5.4 MODIS and the AO in flood forecasting
High interannual variability in timing and rate of peak snow cover depletion appear to modulate flooding occurrence, intensity and timing in eastern Kazakhstan. Specific flood reports for the study area are lacking, but figures from the Emergency Events Database (Guha-Sapir et al., 2018) and Global Active Archive of Large Flood Events (Dartmouth Flood Observatory, 2018) point to snowmelt-induced floods occurring throughout Kazakhstan in 2008, 2010, 2011, 2015 and 2017 (Fig.5). Comparison with peak PSCDR shows a general agreement, with the highest peak snowmelt rates in the 18 year series occurring in 2011 and 2017. In particular, severe flooding affecting the Uba basin in mid-April 2011 was reported on the official government news website (Dixinews, 2011), corresponding with the timing of the highest PSCDR in the Uba basin in the study period (Figs. 4 and 5). However, the third highest PSCDR in 2006 has no correspondence in flooding, although this might be due to a bias towards better reporting in more recent years (both databases are based on local news). Broad agreement is also seen with respect to timing, with floods occurring relatively late in 2011, 2015 and 2017 (end of March –beginning of spring) and early in 2008 (20th February, Dartmouth Flood Observatory, 2018), corresponding with late and early values of DSCD (Fig. 7). Flood occurrence in 2010 however is reported as early as March, in spite of very late peak snow cover depletion found in our study. 2010 was a particularly cold winter with record snowfalls (Cohen et al, 2010), and temperature increase above the snow melting point at low elevations might have led to abundant snow melt and subsequent flooding.

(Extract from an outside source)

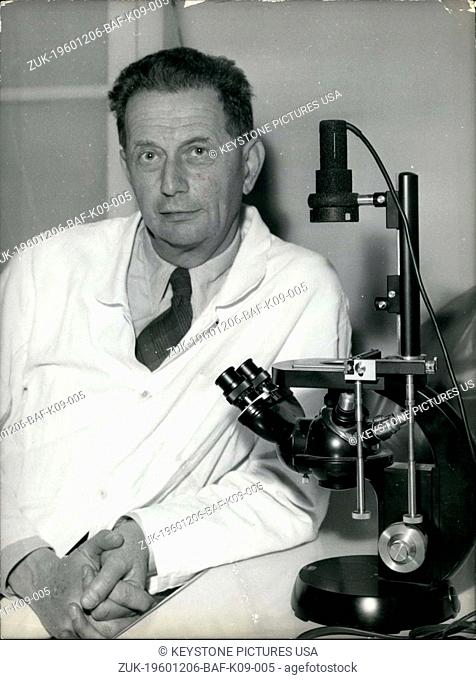 Dec. 06, 1960 - French microbiologist Andre Lwoff will receive the Golden Leeuwenhoek Medal at the Pasteur Institute. This medal is only given every ten years...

In spite of this general agreement, quantitative assessment of the predictive ability of snow cover depletion maps based on MODIS and of the possible use of the AO in flood forecasting in the Upper Irtysh catchment is complicated by a lack of in situ observations in the study area. To improve the ground-based hydrological monitoring network in Kazakhstan, runoff should ideally be measured at stations, located in the smaller, non-transboundary basins upstream of Bukhtarma reservoir. In principle, the timing of flooding could could also be investigated via remote sensing, by detecting flooded areas through optical (Revilla-Romero et al., 2015) or SAR (Brown et al., 2016) satellite images, and algorithms have also been devised to estimate discharge from MODIS images based on the reflectance difference between water and land pixels in near infrared bands (Tarpanelli et al., 2017). Validation of these approaches in sparsely gauged catchments however remains a non trivial task. Since our approach is based on readily available data, in areas where ground based observations do exist, it could be more easily validated, providing a means to evaluate MODIS DPSCD and PSCDR products with respect to water management strategies and possibly implement long-term forecasts based on the AO.